The task -
Please report how many lines in these records contain the string "Book", and give nothing besides the number.

Available records -
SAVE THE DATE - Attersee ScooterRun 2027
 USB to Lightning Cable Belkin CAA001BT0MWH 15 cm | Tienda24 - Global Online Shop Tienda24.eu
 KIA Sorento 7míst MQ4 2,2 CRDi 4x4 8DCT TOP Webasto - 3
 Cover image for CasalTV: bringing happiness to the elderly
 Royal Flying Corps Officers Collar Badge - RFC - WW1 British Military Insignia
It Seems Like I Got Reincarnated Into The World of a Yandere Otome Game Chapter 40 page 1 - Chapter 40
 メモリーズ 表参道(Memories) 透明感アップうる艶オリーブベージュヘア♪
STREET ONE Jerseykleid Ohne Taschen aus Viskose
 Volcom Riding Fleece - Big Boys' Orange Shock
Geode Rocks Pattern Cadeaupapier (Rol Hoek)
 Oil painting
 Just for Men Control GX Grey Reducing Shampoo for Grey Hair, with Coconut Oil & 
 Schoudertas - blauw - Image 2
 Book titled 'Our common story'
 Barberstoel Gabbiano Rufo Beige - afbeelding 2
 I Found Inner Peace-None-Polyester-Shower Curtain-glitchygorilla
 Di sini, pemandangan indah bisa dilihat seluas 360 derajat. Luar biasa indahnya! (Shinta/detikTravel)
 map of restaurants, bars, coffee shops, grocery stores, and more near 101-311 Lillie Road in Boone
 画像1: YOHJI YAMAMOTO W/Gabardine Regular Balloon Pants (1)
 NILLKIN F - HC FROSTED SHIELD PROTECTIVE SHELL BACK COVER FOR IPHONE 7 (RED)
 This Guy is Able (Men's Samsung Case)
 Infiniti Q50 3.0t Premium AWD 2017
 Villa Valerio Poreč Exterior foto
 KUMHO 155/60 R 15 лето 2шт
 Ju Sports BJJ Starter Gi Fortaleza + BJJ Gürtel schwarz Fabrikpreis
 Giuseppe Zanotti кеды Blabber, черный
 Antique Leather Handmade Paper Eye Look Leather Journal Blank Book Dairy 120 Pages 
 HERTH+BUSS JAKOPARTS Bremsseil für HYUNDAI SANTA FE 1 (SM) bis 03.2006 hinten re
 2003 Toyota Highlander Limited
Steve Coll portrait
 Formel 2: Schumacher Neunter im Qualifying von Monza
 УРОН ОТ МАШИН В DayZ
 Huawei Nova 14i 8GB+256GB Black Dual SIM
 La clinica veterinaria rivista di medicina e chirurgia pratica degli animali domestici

Task response -
2